Whether the 8% is correct depends on how you treat exports from the EU. Looked at another way, you can get 17%.
Either way the data is quite unreliable, and can change depending on whether you look at which countries in the EU say they export to the UK, and what the UK says it imports from other countries in the EU.
The UK is estimated to make up just under 8% of total EU exports in 2014, according to Eurostat data. That treats the UK as being outside of the EU, and includes exports between EU member states.
If you treat the EU minus the UK as one block and look at who it exports to, the UK takes a 17% share of exports, compared to 83% to the world outside the EU.
About 44% of UK exports in goods and services went to other countries in the EU in 2014.
That share has been declining, as exports to other countries have been increasing at a faster rate.

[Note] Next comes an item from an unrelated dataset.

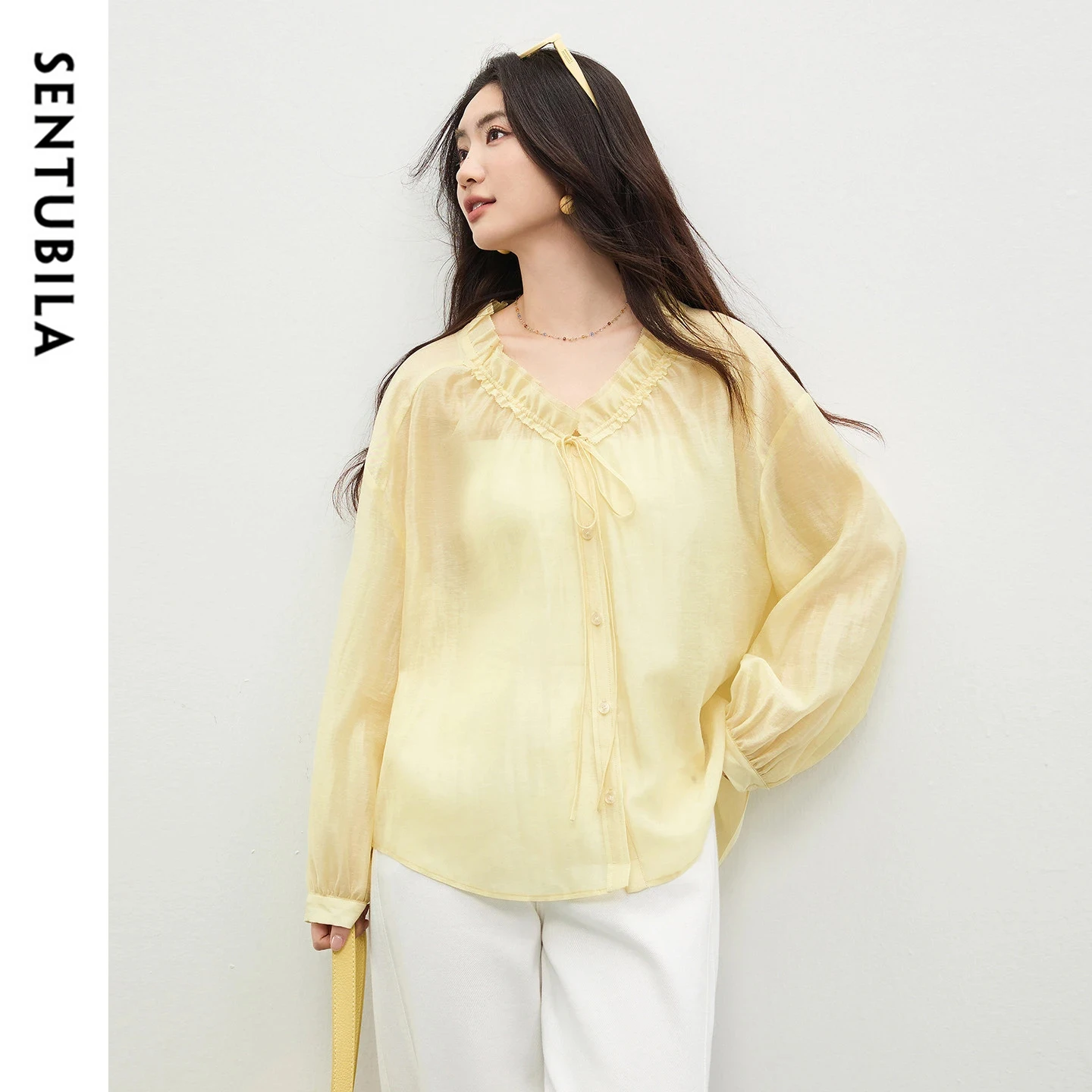 

SENTUBILA Women's V-Neck Blouse 2026 Spring New Elegant Yellow Ruffled Tie Front Lantern Sleeve Commute Loose Shirt 161CA5414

It’s sometimes argued that these statistics overstate the proportion of UK exports that go to the EU, as a lot of goods pass through ports like Rotterdam before being shipped to a final destination outside the EU.
Both the Office for National Statistics and the government's review of our EU membership have concluded that it's hard to quantify the extent of this ‘Rotterdam effect’ or establish whether it's a serious problem for the statistics.
It’s not clear what would happen to this trade if the UK votes to leave the EU. If the UK leaves the EU, the future rules on trade would depend on what kind of agreement, if any, the UK reaches with the EU after its departure.